== Data records ==

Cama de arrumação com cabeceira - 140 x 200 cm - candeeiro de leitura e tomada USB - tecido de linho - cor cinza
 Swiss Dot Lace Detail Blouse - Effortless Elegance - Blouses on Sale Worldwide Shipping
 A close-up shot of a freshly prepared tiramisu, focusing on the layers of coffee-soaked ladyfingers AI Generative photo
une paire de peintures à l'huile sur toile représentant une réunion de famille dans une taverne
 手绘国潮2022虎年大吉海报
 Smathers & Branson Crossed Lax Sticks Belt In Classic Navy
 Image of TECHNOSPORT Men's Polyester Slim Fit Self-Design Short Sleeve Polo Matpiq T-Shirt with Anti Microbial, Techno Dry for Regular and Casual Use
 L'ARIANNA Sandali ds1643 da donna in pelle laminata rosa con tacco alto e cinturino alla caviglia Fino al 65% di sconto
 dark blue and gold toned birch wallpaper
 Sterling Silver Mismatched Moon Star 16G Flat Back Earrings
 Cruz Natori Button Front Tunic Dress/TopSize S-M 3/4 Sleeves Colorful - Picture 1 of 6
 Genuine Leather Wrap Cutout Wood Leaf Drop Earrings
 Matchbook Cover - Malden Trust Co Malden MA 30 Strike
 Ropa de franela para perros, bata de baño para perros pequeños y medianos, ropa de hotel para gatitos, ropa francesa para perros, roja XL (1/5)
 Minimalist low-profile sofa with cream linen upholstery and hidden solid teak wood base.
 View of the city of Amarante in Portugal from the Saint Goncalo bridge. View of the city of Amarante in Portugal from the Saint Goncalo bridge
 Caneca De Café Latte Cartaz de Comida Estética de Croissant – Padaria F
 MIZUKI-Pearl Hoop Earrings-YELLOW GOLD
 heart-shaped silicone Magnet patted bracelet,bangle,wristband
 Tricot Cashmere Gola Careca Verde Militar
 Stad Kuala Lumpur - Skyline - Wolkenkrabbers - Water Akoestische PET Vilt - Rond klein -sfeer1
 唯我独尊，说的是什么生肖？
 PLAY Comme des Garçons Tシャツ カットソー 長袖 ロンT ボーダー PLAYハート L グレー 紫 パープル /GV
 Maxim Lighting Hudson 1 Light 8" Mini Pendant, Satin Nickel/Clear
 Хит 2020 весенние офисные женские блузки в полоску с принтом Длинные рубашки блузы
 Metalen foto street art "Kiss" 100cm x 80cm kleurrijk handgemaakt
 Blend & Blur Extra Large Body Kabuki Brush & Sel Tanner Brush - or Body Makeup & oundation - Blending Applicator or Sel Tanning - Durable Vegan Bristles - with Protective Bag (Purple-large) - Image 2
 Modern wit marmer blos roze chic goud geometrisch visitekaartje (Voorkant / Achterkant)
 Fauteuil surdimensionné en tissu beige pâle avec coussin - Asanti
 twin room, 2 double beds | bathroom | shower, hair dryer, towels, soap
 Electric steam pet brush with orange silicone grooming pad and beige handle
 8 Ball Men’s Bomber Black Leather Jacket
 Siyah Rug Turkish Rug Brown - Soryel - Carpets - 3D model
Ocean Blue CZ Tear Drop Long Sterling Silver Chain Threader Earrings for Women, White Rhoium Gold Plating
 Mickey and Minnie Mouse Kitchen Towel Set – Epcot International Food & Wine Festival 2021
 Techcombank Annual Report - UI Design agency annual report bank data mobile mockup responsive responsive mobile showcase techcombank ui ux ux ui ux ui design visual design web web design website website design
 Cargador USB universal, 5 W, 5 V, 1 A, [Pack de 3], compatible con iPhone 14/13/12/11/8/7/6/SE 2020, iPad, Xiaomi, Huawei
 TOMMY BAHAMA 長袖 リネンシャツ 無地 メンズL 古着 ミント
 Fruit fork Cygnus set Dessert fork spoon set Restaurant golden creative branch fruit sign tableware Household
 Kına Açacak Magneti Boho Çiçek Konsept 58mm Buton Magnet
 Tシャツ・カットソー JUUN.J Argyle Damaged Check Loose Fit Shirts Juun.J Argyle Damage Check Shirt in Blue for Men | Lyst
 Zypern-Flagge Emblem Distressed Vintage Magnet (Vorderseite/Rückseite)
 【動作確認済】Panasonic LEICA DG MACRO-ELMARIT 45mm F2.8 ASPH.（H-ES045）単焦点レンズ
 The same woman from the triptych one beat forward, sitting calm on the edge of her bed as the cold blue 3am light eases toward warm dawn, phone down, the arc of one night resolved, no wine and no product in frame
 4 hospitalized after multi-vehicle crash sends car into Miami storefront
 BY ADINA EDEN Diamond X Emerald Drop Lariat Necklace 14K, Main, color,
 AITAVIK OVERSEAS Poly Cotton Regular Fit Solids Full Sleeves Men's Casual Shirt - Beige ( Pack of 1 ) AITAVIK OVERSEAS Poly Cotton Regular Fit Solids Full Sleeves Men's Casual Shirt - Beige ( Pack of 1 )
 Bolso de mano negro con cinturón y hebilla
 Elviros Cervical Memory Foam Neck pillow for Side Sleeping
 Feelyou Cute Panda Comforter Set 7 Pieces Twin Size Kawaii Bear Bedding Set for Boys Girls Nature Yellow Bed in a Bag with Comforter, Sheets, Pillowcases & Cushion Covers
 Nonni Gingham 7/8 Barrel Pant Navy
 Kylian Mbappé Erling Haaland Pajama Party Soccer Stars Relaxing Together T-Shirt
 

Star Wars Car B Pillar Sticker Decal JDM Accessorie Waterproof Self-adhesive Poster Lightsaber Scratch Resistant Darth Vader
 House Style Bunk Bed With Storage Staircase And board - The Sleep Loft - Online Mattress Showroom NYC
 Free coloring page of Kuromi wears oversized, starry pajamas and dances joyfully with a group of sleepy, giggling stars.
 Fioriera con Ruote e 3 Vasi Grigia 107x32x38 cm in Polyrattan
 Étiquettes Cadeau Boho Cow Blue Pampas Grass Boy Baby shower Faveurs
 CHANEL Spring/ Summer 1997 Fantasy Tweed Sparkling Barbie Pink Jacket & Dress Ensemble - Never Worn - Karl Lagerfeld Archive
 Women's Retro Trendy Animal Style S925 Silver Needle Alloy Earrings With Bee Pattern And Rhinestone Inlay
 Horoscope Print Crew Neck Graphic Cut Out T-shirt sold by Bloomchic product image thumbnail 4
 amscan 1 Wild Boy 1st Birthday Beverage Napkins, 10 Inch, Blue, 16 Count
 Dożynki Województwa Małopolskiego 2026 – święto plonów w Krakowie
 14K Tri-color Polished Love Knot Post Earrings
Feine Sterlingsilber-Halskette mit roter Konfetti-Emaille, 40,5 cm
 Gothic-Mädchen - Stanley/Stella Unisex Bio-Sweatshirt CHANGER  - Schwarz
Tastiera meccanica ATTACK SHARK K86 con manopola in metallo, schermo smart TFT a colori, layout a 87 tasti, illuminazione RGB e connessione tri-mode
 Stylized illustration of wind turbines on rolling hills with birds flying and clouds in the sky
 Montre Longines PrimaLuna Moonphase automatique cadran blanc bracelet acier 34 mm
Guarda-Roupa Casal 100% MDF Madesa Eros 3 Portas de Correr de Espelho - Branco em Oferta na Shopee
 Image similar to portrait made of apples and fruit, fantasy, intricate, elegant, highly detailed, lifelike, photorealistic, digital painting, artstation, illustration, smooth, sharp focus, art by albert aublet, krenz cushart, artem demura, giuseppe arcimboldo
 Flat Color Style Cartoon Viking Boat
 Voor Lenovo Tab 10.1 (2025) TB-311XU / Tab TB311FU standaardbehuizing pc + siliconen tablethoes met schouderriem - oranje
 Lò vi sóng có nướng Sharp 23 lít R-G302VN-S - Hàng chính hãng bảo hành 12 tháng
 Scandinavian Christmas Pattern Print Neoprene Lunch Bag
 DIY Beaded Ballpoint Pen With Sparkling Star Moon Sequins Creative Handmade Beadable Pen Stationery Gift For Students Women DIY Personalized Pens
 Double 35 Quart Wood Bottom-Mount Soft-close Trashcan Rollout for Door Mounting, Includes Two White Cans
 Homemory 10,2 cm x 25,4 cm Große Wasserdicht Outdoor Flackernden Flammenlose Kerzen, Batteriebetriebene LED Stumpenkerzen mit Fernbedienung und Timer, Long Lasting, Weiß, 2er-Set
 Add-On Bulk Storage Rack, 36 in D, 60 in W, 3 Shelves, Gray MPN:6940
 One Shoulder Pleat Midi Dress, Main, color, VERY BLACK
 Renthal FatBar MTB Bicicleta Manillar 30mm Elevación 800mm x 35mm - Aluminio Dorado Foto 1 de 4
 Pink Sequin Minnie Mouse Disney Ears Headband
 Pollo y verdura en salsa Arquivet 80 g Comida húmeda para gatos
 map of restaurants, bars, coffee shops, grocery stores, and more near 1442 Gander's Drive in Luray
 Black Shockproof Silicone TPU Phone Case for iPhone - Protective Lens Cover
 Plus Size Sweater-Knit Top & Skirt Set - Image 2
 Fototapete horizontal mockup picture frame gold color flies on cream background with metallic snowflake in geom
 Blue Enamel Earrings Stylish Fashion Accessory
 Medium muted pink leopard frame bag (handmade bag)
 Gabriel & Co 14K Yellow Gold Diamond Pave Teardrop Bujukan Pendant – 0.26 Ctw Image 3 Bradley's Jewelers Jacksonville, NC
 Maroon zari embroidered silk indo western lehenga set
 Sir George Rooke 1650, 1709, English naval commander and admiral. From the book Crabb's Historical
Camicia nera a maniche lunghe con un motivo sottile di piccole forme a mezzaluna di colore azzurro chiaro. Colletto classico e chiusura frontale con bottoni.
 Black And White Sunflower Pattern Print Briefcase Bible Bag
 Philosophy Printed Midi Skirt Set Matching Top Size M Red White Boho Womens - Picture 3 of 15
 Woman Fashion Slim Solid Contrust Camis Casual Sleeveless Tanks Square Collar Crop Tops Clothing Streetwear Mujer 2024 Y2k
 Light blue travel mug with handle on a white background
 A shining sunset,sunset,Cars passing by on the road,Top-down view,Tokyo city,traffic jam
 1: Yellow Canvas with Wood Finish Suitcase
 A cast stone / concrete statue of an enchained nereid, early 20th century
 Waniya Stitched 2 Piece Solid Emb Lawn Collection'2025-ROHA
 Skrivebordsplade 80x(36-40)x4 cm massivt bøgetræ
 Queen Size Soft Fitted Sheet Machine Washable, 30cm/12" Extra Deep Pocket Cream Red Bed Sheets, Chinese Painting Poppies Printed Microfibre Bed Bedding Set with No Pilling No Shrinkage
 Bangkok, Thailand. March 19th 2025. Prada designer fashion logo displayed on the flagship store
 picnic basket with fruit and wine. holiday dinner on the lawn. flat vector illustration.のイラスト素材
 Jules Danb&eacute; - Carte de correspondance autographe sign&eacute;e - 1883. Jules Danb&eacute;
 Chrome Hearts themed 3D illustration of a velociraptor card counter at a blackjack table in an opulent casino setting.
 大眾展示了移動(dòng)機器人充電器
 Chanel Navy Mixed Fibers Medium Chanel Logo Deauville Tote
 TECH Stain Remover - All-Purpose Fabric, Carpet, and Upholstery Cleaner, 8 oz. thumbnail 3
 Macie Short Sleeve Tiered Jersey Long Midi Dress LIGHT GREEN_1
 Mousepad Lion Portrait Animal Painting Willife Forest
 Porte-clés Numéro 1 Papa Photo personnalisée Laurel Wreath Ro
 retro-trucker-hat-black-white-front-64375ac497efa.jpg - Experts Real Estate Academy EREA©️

===

◆ What the task asks ◆
Return the lines above precisely as they appear, beginning at the first line and ending at the line with "Maxim Lighting Hudson", and nothing after it.

◆ Solution for this task ◆
Cama de arrumação com cabeceira - 140 x 200 cm - candeeiro de leitura e tomada USB - tecido de linho - cor cinza
 Swiss Dot Lace Detail Blouse - Effortless Elegance - Blouses on Sale Worldwide Shipping
 A close-up shot of a freshly prepared tiramisu, focusing on the layers of coffee-soaked ladyfingers AI Generative photo
une paire de peintures à l'huile sur toile représentant une réunion de famille dans une taverne
 手绘国潮2022虎年大吉海报
 Smathers & Branson Crossed Lax Sticks Belt In Classic Navy
 Image of TECHNOSPORT Men's Polyester Slim Fit Self-Design Short Sleeve Polo Matpiq T-Shirt with Anti Microbial, Techno Dry for Regular and Casual Use
 L'ARIANNA Sandali ds1643 da donna in pelle laminata rosa con tacco alto e cinturino alla caviglia Fino al 65% di sconto
 dark blue and gold toned birch wallpaper
 Sterling Silver Mismatched Moon Star 16G Flat Back Earrings
 Cruz Natori Button Front Tunic Dress/TopSize S-M 3/4 Sleeves Colorful - Picture 1 of 6
 Genuine Leather Wrap Cutout Wood Leaf Drop Earrings
 Matchbook Cover - Malden Trust Co Malden MA 30 Strike
 Ropa de franela para perros, bata de baño para perros pequeños y medianos, ropa de hotel para gatitos, ropa francesa para perros, roja XL (1/5)
 Minimalist low-profile sofa with cream linen upholstery and hidden solid teak wood base.
 View of the city of Amarante in Portugal from the Saint Goncalo bridge. View of the city of Amarante in Portugal from the Saint Goncalo bridge
 Caneca De Café Latte Cartaz de Comida Estética de Croissant – Padaria F
 MIZUKI-Pearl Hoop Earrings-YELLOW GOLD
 heart-shaped silicone Magnet patted bracelet,bangle,wristband
 Tricot Cashmere Gola Careca Verde Militar
 Stad Kuala Lumpur - Skyline - Wolkenkrabbers - Water Akoestische PET Vilt - Rond klein -sfeer1
 唯我独尊，说的是什么生肖？
 PLAY Comme des Garçons Tシャツ カットソー 長袖 ロンT ボーダー PLAYハート L グレー 紫 パープル /GV
 Maxim Lighting Hudson 1 Light 8" Mini Pendant, Satin Nickel/Clear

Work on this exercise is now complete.